L’affrontement est le récit d’un changement de monde profond et brutal, de deux civilisations qui se croisent, une déclinante et luttant pour sa survie et un autre qui évolue vers une société consciente et moderne. Et lorsque le contexte « politique » est aussi instable, mouvant et brûlant, la guerre devient inévitable. Ce choc est d’autant plus intéressant que le scénario se concentre sur une période intermédiaire de l’évolution des singes. La parole en est encore à ses balbutiements, mais on pressent que le moment sera bientôt venu où ils communiqueront et agiront comme des hommes. La symbolique est forte lorsqu’ils prennent les armes…
Episode charnière dans la genèse du monde dirigé par les primates que l’on découvre dans le film original, L’Affrontement se distingue par un refus absolu du manichéisme, chaque camp ayant pour motivations première l’intérêt général, que des ambitions personnelles ou des rancœurs tenaces vont mettre à mal. Le soin apporté à la construction des personnages donne du corps et du cœur à l’histoire. La fascinante incarnation de César par Andy Serkis en performance capture en fait un monstre de charisme, au regard désarmant d’humanité. Plus généralement, on atteint un niveau d’excellence technique assez remarquable, mais toujours au service d’un scénario habile et sophistiqué, quoique un peu plus mécanique que son prédécesseur.
S’il cède un peu à une regrettable surenchère dans sa dernière partie, La Planète des Singes : L’Affrontement reste une très belle réussite, un film de guerre épique à la puissance émotionnelle intacte.

NEW YORK MELODY – 12/20

New York MelodyRéalisé par John Carney
Avec Keira Knightley, Mark Ruffalo, James Corden

Synopsis : Gretta et son petit ami viennent de débarquer à NYC. La ville est d’autant plus magique pour les deux anglais qu’on leur propose de venir y vivre pleinement leur passion : la musique. Le rêve va se briser et l’idylle voler en éclat quand, aveuglé par la gloire naissante, il va la plaquer pour une carrière solo et… une attachée de presse.
Ses valises prêtes et son billet de retour pour Londres en poche, elle décide de passer une dernière nuit à New York avec son meilleur pote. Ce dernier l’emmène dans un pub, la pousse sur scène et la force à chanter. Dans la salle un producteur s’adonne à sa plus dangereuse passion : l’alcool. Revenu de tout, du succès et de sa gloire passée, amer, rancunier, il a perdu le fil de sa vie,… Et soudain il entend cette voix, découvre cette grâce, ce talent brut et authentique… Une rencontre enchantée qui pourrait finir en chansons…
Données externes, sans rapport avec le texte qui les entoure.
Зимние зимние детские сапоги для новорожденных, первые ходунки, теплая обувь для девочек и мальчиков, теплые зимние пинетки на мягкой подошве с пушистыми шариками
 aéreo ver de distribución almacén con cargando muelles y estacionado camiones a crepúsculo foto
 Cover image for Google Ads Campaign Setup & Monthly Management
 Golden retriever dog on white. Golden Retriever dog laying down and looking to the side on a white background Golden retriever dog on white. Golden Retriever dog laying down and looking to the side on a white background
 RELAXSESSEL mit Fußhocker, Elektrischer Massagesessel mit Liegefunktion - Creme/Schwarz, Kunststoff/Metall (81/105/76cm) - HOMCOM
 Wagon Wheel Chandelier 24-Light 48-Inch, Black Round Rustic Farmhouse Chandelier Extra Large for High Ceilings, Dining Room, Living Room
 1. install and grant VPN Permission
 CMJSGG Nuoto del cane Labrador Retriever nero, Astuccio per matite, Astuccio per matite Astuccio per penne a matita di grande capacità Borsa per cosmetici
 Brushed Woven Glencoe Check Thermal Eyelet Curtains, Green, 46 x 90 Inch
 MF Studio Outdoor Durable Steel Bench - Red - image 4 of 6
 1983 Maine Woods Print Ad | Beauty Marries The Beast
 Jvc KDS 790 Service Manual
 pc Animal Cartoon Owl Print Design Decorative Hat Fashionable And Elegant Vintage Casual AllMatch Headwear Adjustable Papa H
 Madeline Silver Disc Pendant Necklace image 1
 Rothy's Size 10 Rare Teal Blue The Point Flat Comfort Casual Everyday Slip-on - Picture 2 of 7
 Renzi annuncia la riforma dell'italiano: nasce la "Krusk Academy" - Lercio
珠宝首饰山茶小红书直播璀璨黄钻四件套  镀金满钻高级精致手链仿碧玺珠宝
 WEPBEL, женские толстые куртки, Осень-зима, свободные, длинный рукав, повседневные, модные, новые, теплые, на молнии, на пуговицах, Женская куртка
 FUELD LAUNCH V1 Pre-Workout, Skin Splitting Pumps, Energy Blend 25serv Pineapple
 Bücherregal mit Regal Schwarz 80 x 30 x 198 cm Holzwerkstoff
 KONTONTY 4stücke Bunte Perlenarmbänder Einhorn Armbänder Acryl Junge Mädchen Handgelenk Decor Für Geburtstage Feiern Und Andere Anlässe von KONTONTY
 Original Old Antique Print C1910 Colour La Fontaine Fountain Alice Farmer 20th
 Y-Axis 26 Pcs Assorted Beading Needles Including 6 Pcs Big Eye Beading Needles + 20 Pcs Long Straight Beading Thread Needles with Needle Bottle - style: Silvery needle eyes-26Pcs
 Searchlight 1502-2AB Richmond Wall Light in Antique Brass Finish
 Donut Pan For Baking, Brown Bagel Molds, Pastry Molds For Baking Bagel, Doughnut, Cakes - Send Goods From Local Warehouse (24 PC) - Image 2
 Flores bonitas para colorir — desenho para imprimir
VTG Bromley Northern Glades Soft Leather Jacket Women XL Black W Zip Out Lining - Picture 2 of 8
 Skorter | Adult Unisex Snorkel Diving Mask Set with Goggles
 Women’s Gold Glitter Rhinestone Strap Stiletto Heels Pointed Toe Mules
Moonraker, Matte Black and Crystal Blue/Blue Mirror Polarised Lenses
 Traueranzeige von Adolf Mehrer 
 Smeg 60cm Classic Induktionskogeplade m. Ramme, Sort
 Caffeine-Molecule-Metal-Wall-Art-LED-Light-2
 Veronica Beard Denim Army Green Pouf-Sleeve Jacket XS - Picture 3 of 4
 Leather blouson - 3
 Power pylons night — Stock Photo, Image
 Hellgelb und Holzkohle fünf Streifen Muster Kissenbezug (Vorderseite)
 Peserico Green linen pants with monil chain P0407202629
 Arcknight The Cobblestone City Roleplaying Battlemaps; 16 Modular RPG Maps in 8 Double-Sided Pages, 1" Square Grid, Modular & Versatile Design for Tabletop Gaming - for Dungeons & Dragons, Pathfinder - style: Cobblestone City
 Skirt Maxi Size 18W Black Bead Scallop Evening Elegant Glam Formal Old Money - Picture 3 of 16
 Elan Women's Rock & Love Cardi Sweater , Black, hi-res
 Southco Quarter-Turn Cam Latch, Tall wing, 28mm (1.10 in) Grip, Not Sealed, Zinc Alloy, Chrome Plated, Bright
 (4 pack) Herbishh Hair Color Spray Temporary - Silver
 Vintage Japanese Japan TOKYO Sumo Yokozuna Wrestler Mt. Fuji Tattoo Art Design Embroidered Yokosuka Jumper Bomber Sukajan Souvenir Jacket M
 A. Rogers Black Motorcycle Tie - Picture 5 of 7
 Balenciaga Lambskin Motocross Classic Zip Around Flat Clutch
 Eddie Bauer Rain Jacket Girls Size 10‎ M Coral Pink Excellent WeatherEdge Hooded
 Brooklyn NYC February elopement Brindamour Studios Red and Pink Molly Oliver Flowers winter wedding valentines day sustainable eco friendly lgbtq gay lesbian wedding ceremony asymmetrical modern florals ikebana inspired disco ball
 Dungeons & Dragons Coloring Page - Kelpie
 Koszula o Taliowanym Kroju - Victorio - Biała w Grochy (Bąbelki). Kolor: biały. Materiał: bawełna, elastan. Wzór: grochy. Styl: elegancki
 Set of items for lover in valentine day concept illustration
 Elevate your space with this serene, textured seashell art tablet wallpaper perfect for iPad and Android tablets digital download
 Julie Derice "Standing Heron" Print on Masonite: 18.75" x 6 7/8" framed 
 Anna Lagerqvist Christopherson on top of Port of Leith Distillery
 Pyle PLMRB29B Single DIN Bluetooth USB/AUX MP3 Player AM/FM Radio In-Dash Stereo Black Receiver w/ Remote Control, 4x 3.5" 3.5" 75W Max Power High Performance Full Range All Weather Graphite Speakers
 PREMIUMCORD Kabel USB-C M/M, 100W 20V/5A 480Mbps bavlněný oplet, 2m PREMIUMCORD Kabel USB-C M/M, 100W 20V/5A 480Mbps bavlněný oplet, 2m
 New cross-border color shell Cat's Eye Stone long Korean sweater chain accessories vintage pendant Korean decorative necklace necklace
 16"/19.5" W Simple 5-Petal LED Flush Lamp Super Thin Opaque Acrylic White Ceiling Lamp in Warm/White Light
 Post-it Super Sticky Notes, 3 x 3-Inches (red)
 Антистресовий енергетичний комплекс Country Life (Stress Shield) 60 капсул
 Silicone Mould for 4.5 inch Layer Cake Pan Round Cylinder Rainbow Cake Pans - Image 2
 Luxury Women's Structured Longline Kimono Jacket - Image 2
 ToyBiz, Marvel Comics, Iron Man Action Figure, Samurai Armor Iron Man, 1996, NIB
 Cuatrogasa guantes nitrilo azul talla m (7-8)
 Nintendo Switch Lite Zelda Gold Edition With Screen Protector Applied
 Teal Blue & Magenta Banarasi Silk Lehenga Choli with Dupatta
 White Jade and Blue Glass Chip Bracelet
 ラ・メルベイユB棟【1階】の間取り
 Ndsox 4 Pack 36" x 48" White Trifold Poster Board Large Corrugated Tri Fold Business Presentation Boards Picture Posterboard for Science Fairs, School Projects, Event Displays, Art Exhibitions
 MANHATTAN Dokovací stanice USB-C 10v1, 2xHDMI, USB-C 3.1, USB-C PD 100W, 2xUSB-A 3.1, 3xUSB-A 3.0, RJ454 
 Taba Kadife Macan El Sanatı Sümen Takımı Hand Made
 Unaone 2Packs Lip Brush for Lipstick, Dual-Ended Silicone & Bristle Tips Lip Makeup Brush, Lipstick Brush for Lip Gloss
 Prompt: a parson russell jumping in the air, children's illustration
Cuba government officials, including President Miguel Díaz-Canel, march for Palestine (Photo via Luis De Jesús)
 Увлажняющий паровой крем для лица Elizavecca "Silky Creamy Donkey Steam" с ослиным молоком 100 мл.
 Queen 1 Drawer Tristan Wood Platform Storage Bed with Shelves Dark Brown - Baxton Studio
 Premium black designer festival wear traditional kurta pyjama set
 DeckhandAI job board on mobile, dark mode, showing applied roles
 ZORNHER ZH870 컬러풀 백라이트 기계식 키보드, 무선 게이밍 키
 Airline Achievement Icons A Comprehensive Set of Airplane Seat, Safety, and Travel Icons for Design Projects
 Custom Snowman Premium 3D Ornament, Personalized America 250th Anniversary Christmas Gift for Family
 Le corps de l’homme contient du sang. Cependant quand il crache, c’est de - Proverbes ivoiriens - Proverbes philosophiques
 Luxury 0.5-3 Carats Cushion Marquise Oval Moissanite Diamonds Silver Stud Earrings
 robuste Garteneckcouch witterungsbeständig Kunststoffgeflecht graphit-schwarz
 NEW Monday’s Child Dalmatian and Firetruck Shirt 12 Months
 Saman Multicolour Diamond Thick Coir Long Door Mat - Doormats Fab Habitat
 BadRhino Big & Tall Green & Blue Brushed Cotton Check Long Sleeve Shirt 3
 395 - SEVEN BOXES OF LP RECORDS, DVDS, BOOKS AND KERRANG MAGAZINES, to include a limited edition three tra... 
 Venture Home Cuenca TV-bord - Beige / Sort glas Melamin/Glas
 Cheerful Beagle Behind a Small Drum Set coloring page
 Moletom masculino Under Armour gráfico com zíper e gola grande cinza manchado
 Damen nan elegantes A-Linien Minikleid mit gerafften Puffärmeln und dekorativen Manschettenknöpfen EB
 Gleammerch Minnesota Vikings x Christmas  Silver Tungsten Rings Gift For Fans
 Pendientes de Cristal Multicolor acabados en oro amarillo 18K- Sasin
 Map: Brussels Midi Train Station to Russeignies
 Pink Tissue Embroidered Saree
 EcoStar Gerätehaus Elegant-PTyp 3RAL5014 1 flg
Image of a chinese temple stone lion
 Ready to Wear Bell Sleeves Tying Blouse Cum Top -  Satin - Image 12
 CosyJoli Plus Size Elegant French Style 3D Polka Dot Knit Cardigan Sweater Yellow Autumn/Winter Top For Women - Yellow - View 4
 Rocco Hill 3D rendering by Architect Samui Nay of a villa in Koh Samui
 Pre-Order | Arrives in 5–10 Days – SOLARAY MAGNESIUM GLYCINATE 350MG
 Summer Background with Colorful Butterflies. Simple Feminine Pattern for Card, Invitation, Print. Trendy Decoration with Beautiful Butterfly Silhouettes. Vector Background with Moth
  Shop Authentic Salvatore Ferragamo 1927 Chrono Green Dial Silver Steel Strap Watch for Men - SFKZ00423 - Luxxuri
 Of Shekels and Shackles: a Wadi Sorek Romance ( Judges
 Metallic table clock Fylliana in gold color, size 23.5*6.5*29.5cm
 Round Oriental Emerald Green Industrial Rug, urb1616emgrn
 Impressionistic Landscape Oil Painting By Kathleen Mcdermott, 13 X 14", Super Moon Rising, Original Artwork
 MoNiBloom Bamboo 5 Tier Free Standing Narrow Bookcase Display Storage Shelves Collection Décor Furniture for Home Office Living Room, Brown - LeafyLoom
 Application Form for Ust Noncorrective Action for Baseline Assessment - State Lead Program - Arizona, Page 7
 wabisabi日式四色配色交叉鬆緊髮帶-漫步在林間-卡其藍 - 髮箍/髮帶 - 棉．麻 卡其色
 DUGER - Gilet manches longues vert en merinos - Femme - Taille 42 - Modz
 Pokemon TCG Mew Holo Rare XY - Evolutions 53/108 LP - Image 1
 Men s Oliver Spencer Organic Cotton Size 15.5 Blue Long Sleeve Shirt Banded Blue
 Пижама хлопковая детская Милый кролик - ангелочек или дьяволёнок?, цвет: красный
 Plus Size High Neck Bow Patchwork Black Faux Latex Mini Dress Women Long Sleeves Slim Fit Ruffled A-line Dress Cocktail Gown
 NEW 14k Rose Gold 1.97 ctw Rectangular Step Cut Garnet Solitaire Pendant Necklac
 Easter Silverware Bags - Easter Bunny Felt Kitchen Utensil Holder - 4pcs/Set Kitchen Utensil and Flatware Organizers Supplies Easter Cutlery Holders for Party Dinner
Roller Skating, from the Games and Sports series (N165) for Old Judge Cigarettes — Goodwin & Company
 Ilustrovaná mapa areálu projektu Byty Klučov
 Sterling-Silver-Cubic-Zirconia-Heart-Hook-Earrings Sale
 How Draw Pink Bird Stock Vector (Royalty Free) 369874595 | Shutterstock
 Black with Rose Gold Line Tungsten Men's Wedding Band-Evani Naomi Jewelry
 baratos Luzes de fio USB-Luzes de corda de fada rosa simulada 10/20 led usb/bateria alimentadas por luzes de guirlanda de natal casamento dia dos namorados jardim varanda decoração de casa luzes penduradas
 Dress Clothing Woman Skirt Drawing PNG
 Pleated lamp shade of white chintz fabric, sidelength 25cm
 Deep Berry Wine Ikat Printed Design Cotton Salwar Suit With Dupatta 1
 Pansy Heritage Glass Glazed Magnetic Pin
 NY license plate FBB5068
Avis : Positif, enjoué et au final assez plaisant à défaut d’être très crédible, New York Melody se regarde comme une agréable ballade musicale, sucrée et entraînante.
Si John Carney avait su cerner avec plus de simplicité les méandres de la création musical dans son précédent film, Once, il propose malgré tout ici des idées de mise en scène malines, malheureusement parfois gâtées par un trop plein de bons sentiments.
L’histoire de Gretta et de ce projet fou d’enregistrement en plein air est bien évidemment hautement improbable, mais on se laisse malgré tout séduire par de jolis moments distillés ça et là. Keira Knightley a un très intéressant petit brin de voix, mis en valeur par des mélodies pop folk très écoutables.
Le charme difficilement résistible de l’actrice et de Mark Ruffalo joue beaucoup pour apporter à NEW Melody un indéniable capital sympathie. Même Adam Levine n’est pas totalement insupportable.
Un feel good movie estival tout à fait recommandable donc.